On Tue, 15 Aug 2017 02:11:37 -0400 christos%zoulas.com@localhost (Christos
Zoulas) wrote:

> On Aug 14, 10:50am, idleroux%fastmail.fm@localhost ("Ian D. Leroux") wrote:
> -- Subject: Re: Fixing swap1_stop
> 
> | Any preferences for a conveniently-parseable format?  My first
> | instinct is to simply drop the spacer words ("on", "type"),
> | systematically shquote() the device and mount-point and
> | space-separate the flags.  That would look like:
> | 
> | '/dev/wd0a' '/' ffs synchronous local
> | 'tmpfs' '/var/shm' tmpfs nosuid local
> 
> The flags can be complicated (see source code)
> 
> | That's directly parseable in shell (first three fields are device,
> | mount point and fstype, any leftovers are individual flags) and
> | doesn't require the design of another date-style formatting
> | language.  Are there other, better ideas?
> 
> We can specify a format with % escapes for each field...

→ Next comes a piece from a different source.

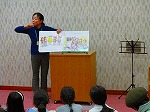 おはなし会の様子（天白図書館　「てるばーばの英語でおはなし会」）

I was hoping to avoid being guilty of yet another printf-style
mini-language.  But I don't currently have any better ideas, so let's
work this one out.  The filesystem, mount point and device get an
escape each (say %f, %m and %d respectively).  How should the flags be
handled?  One escape for the whole comma-separate flag string (as in
the current output)?  That's easy to implement and manageable to work
with, since the flag names are well-behaved single words that are not
under user control, so they could be parsed with shell globs, something
like:

FLAGS=$(mount -F '%F')
case $FLAGS in
*local*) # do local filesystem stuff 
	;;
*nosuid*)
	;;
esac

Alternatively, each flag could get its own % escape (perhaps one that
expands to "yes" or "no"), but that makes it harder to write a format
string that reproduces the default output.

I don't currently have a use for extracting the flag information (since
my immediate interest is just in getting a reliable mount point name),
so I'm not sure which format is most useful in practice.